Cuentan que “La negra” hacía llorar a todos cuando cantaba Alfonsina y el mar, dedicado a la poeta Alfonsina Storni. Cuentan que el público se la reclamaba a voz en cuello en cada concierto. Y la portuguesa estaba consciente del significado que conlleva defender esa canción entre los seguidores de la canción latinoamericana y de las verdaderas riquezas sonoras del mundo. De ahí que se empeñara en entregar este tema como si tuviera el corazón en la garganta para patentar su cercanía con la obra de una cantante que, aunque ya los tiempos no son los mismos, sigue expresando a plenitud el espíritu de América Latina.
La reina del fado, que ha publicado más de nueve discos durante 30 años y ha mantenido colaboraciones entre otros con pesos pesados como Ennio Morricone o Caetano Veloso, también dio espacio para que se expresaran sus músicos, a los que se sumó el percusionista cubano Ruy López-Nussa.
Tras acompañar la trepidante voz de la portuguesa a lo largo del concierto, los instrumentistas dieron muestras de su destreza y permitieron que los sonidos de las gaitas, el bandolín y las guitarras flamenca y portuguesa alcanzaran su mayor expansión.

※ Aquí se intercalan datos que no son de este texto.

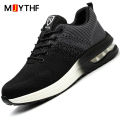 【selevn roind】 Fashion Safety Shoes Men Boots Steel Toe Shoes Men Puncture-Proof Work Sneakers Male Shoes Work Boots Indestructible Footwear.
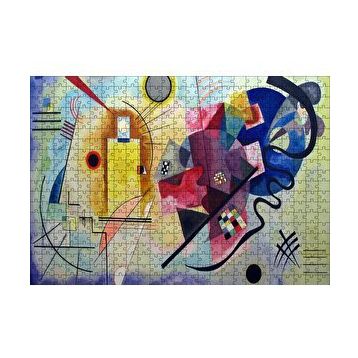 Cakapuzzle Soyut Resim Wassily Kandinsky 120 Parça Ahşap Puzzle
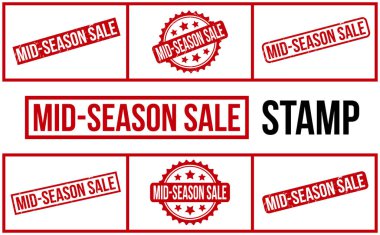Red Mid-Season Satış Kauçuk Pul Ayarlama Vektörü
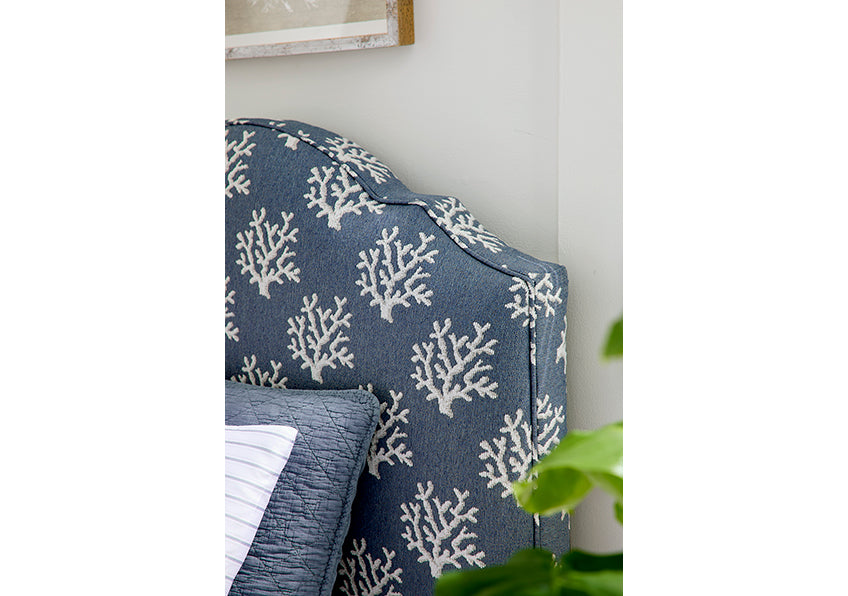 Tide and Timber Upholstered Bed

Dicen que el fado es un canto triste. Un desgarro. Un lamento que nace desde las entrañas. Pero para los cubanos esa noche con Dulce Pontes fue más que una revelación. Fue, sin duda, una de esas experiencias que obligan a volver la mirada sobre la música del circuito alternativo internacional y sobre la importancia de que se promueva sin remilgos la obra de aquellas figuras que no hacen concesiones y logran, sin tanto despliegue mediático ni tecnológico --que a veces solo sirve para esconder las carencias artísticas-- abrir en los espectadores un nuevo mundo de experiencias sonoras y de intensidad espiritual.